In the online environment colour provides interest as a visual tool to identify an item and for decorative perspectives. However, colour should not be the only means to convey information, like an action or prompt. If the contrast between the text and the background is not correct, colour can lose its appeal and make it difficult for a student to read the text.
- Do not rely on colour to convey information.
- Add text labels, patterns or symbols
- Avoid using red to attract attention – looks dull, not bright
- Ensure there is sufficient contrast between text and the background. Contrast helps older students and students using mobile devices particularly in poor lighting conditions.
- Use large, bold fonts on uncluttered pages with plain backgrounds.
- Use colour combinations that are high contrast and can be read by those who are colour blind.
More on Appropriate Contrast
The International Standards (WCAG 2.1) for contrast are measured by the difference in perceived ‘luminance’ or brightness between two colours.

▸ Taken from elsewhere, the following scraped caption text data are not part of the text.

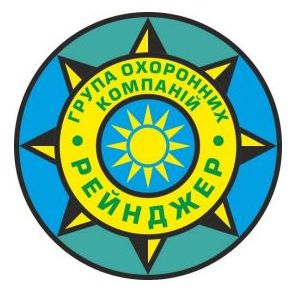 група охоронних компаній рейнджер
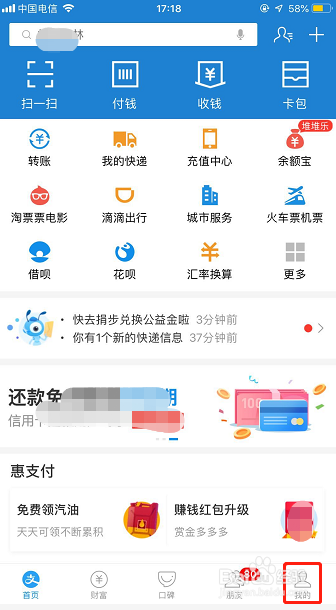 支付宝怎样添加信用卡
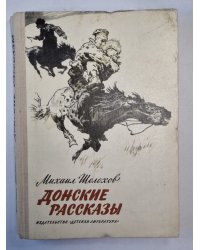 Донские рассказы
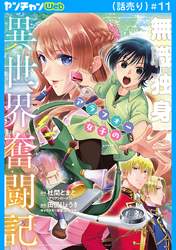 無職独身アラフォー女子の異世界奮闘記(話売り)　#11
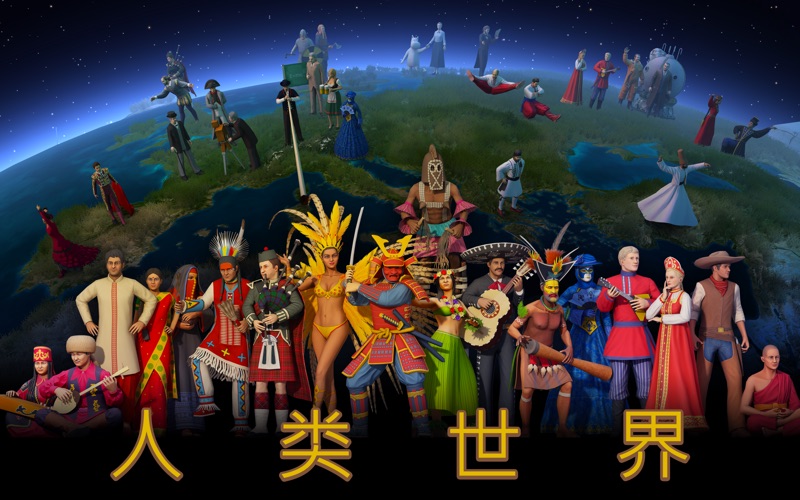 3D地球和世界地图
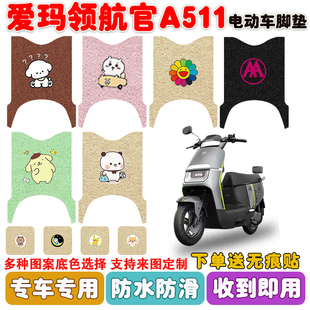 爱玛领航官A511电动车脚垫AM1200DT-35丝圈防水防滑耐磨脚垫定制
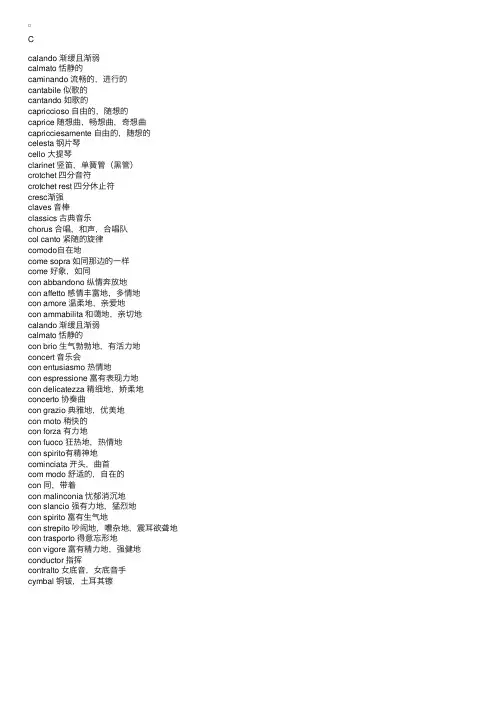 音乐常用术语-C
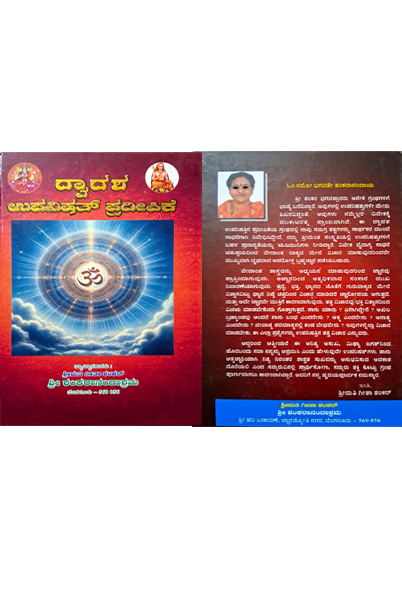 Dwadash Upanishad Pradeepika
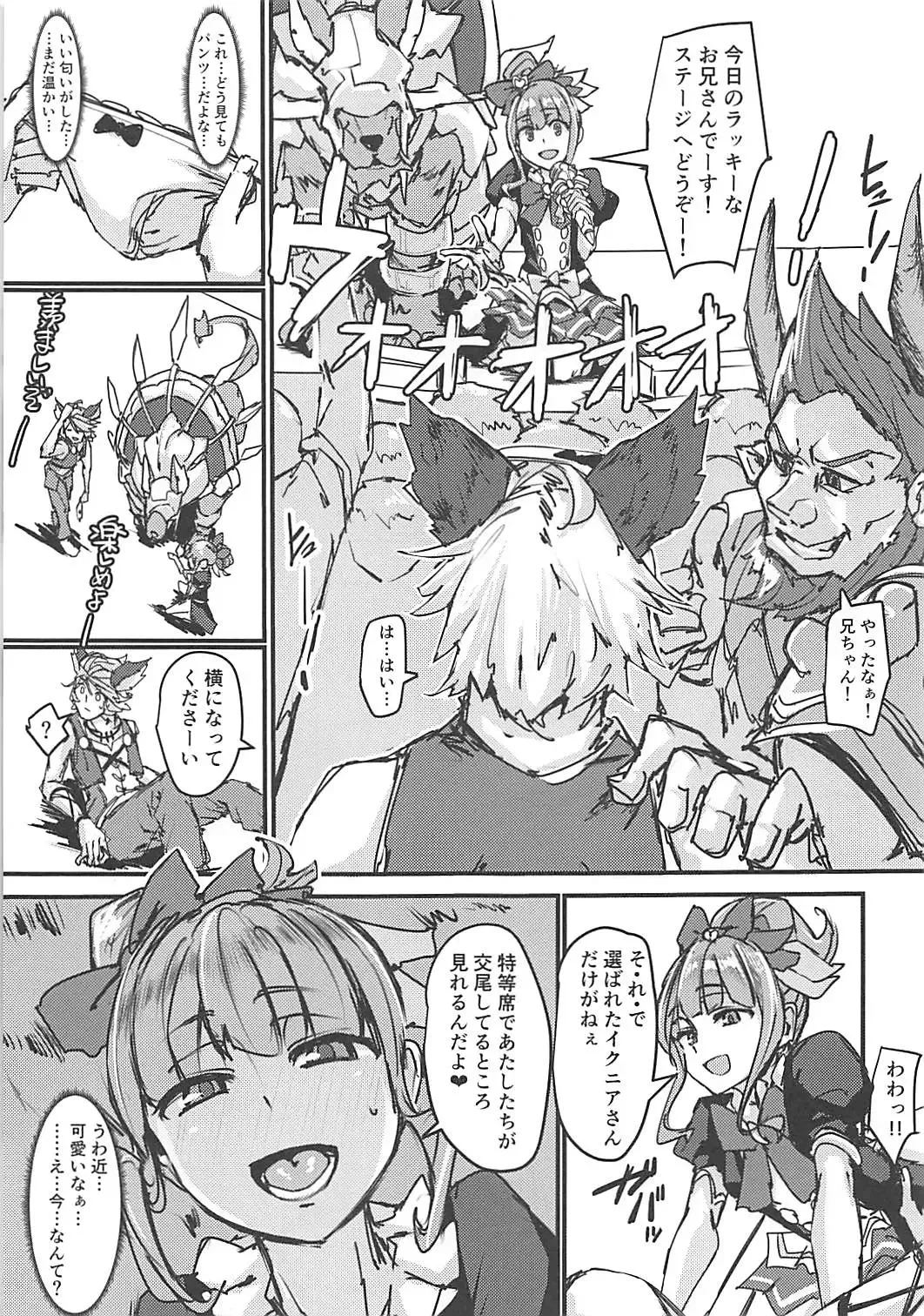 Nakimodayu Rokka Fhentai - Page 14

The brightness difference is expressed as a ration ranging from 1:1 (eg white text on a white background) to 21:1 (eg. Black text on a white background). Contrast requirements also apply to images of text.
Pure red (#FF0000) has a ration of 4:1. This is red text.
Pure green (#00FF00) has a very low ration of 1.4:1. This is green text.
Pure blue (#000FF) has a contrast ration of 8.6:1. This is blue text.
Use a contrast ratio of at least 4.5:1 for text and images of text, unless the text is decorative or part of a logo.
Large text (18 point or 14 point bold) is easier to read, so use a contrast ration of at least 3:1.
Test your content to ensure none of the meaning is lost when you remove the colours. Print your page in black and white, making sure the printing preferences are set to print background colours.